Hyperscale Data Management
The largest deployments of cloud DBMSs have reached the hyperscale level where a single database manages petabytes of data across hundreds to thousands of machines. At this scale, communication is crucial to efficiency as massive amounts of data are moved between components through the data center network. Network internals, such as topology, routing, congestion control, and packet processing are generating fast-increasing effect on end-to-end data processing performance. Yet, DBMSs treat the network as a black box. In this research, we investigate how data center networks can possibly speed up/slow down cloud data processing and build network-aware DBMSs and DBMS-friendly networks to sustain high efficiency for hyperscale data management.
Disaggregated Data Management
Cloud providers are embarking on a brave journey to evolve their infrastructures into disaggregated data centers (DDCs). Unlike traditional monolithic servers that are aggregates of compute, memory, and storage, hardware resources of different types in DDCs are physically separated, managed in independent resource pools, and connected via fast networking. Disaggregation solves many critical issues of existing data centers, but data-intensive systems suffer from new challenges. In this research, we study the implications of resource disaggregation and codesign data systems and cloud infrastructure to unlock the full benefits of disaggregation.
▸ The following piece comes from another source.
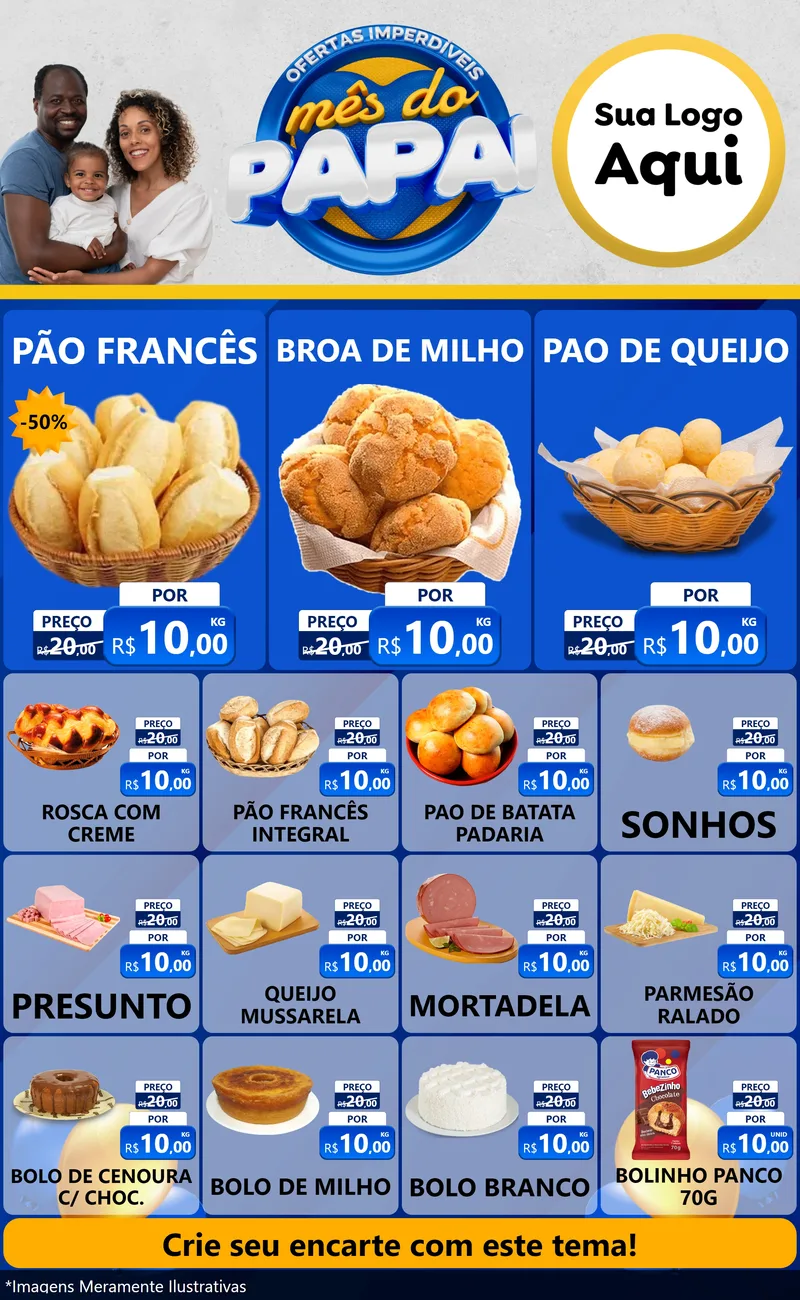 Modelo de Encarte para Encarte Grande com o tema Ofertas Imperdíveis Mês Do Papai para Padaria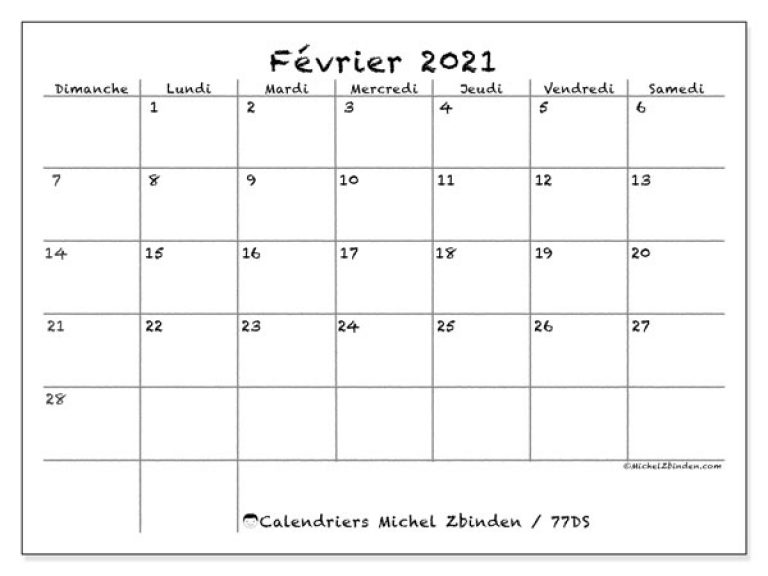 Calendriers À Imprimer 2021 (Ds) - Michel Zbinden Fr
Accelerated Data Management
The end of Dennard scaling and the slowdown of Moore's law have meant that advancing the performance of general-purpose processors is increasingly challenging. CPUs are not getting faster, but data growth is continuing. We hence face unprecedented needs for more efficient compute resources for data processing, which is a fundamental challenge in today's management of data. In this research, we rethink how data management systems and hardware interact and investigate how to best leverage widely available hardware accelerators in cloud data centers to improve the performance and cost of data tasks at scale.